Anglo-Californian Bank, Ltd. v. Grangers' Bank
Before: Sharpstein
Synopsis
Appeal from a judgment of the Superior Court of the city and county of San Francisco, and from an order refusing a new trial.
The stock in question was transferred to the plaintiff by one Fowler as security for the payment of a debt previously contracted, the time of payment being extended in consideration of the transfer. The stock was represented by a certificate issued to Fowler as the owner thereof, and the transfer to the plaintiff was regularly made by assignment and delivery of the certificate. At the time of the transfer, Fowler was indebted to the defendant in a large amount, and the defendant claimed a lien on the stock under one of its by-laws, for the payment of this indebtedness. The plaintiff had no knoAvledge of the indebtedness or the existence of the by-law. A demand by the plaintiff for a transfer of the stock on the books of the defendant was refused, and the action Avas brought to recover damages for such refusal. The defendant was incorporated under the provisions of the Civil .Code. The additional facts sufficiently appear in the opinion of the court.

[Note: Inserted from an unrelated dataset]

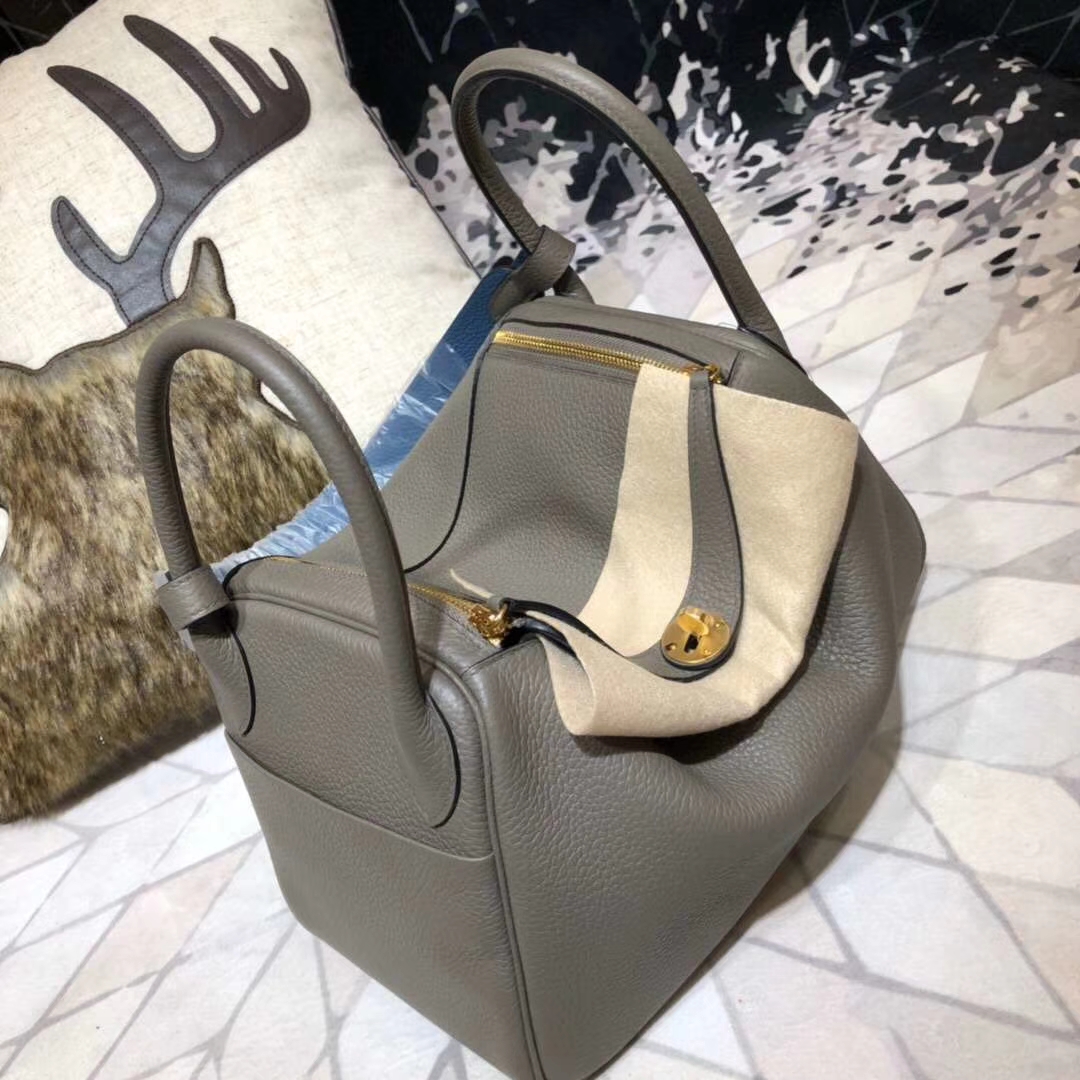 爱马仕拼色琳迪包 Hermes Lindy30CM 锡器灰拼玛瑙蓝原厂TC牛皮 金扣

Sharpstein, J. The court found that prior to and at the time of the transfer of thirty shares of the capital stock of the corporation defendant, by one Fowler to the corporation plaintiff, said Fowler was indebted to the defendant in a sum greatly in excess of the value of said stock, and that said indebtedness had never been paid, and that by virtue of a by-law of said corporation defendant, it was justified in refusing to enter said transfer upon its books until said indebtedness should be paid. Said by-law reads as follows:—
“All transfers of stock shall be subject to all debts and equities in favor of the corporation, against the person or corporation making such transfer, and existing or arising prior to the regular transfer thereof upon the books of the corporation, and no transfer of shares shall be made upon the books of the corporation until all dues and demands thereon due to the corporation from the party or parties representing such shares shall have been paid.”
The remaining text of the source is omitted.